Aliens on Screen - Part II

Again: Mark Kermode's choice.  My own list would have to include Quatermass and the Pit (1967), The Thing From Another World (1951), Forbidden Planet (1956) and Invasion of the Body Snatchers (1956), although the remake (1978) is also good - and if I wanted comedy, I'd include Alan Arkin's faux alien from Simon (1980).
Mars Attacks (1996)
'Aack aack ack ack aack!!' Little green men go on a diminutive killing spree in Tim Burton’s bonkers alien invasion gem, inspired in equal measure by the weirdly collectible Topps trading cards and the notoriously terrible movies of Ed Wood. The result is a delirious joy, like Plan 9 from Outer Space remade with a massive budget and a star-studded cast. Memorable moments include Lisa Marie’s face falling away to reveal a grinning green alien skull beneath.

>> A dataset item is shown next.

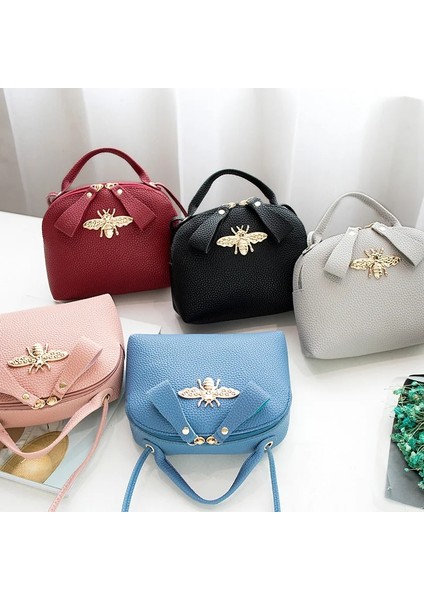 Kırmızı Stil 2021 Kadın Mini Çanta Ünlü Tasarım Messenger Crossbody Çanta Küçük Omuz Çanta Sevimli Arı Cep Telefonu Bayan Çanta Lüks Çanta (Yurt Dışından) fiyatları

But like all space invaders these Martians have a weak spot – in this case, the sound of country yodelling, which makes their heads explode

The Thing (1982)
When John W Campbell Jr’s story Who Goes There? first came to the screen in 1951 as The Thing from Another World, its alien FX famously stretched to the sight of James Arness dressed up as 'a big carrot'. Years later, the advance of latex technology enabled John Carpenter to explore the shape-shifting aspects of the story in his head-scrambling – and at first sorely underrated – classic The Thing. The result is a fiesta of exploding dogs, toothy chest-cavities, melting limbs and (most spectacularly) a severed head that sprouts giant scuttling spider legs, prompting the movie’s most quotable line: 'You’ve got to be fucking kidding!'

The Day the Earth Stood Still (1951)
'Klaatu barada nikto!' Handsome Michael Rennie and his giant silver robot Gort, whose metal face shoots powerful rays, presented the scary but benevolent face of aliens in the 50s, bringing the human race’s technological advancement to a halt in order to warn Earthlings of the dangers of their newfound knowledge. The Christ-like overtones of the central character have exerted an unearthly pull on wannabe messiahs ever since; Ringo Starr cast himself as Klaatu on the front cover of his 1974 album Goodnight Vienna, while Keanu Reeves employed his trademark 'barely human' face in a recent rubbish remake

The Man Who Fell to Earth (1976)
Nic Roeg cast David Bowie as the spaceman who comes to earth after seeing him in the documentary Cracked Actor.
Bowie inhabited the alienated 'space oddity' to the full, resorting only briefly to 'space lizard' makeup, but more generally relying upon sheer charisma and a British accent (plus, of course, his famously mismatched eyes) to suggest he was not of this world. Cover photography for not one but two of his subsequent albums featured Bowie as starman Thomas Jerome Newton: Station to Station and Low – the latter containing original music intended for the film

The Rocky Horror Picture Show(1975)
As the 'sweet transvestite' Frank-N-Furter, from the planet Transsexual in the galaxy of Transylvania, Tim Curry remains the most lusted-after space alien in the history of cinema – a vision of interstellar haute couture in glam boots, stockings and spangly corsets on a mission to encourage the people of earth to 'give yourself over to absolute pleasure'. A flop on its release, the film version of Richard O’Brien’s campy stage musical became the definitive cult movie, drawing legions of fans who dress up as their favourite characters and engage in rowdy 'audience participation'. Let’s do the time-warp again!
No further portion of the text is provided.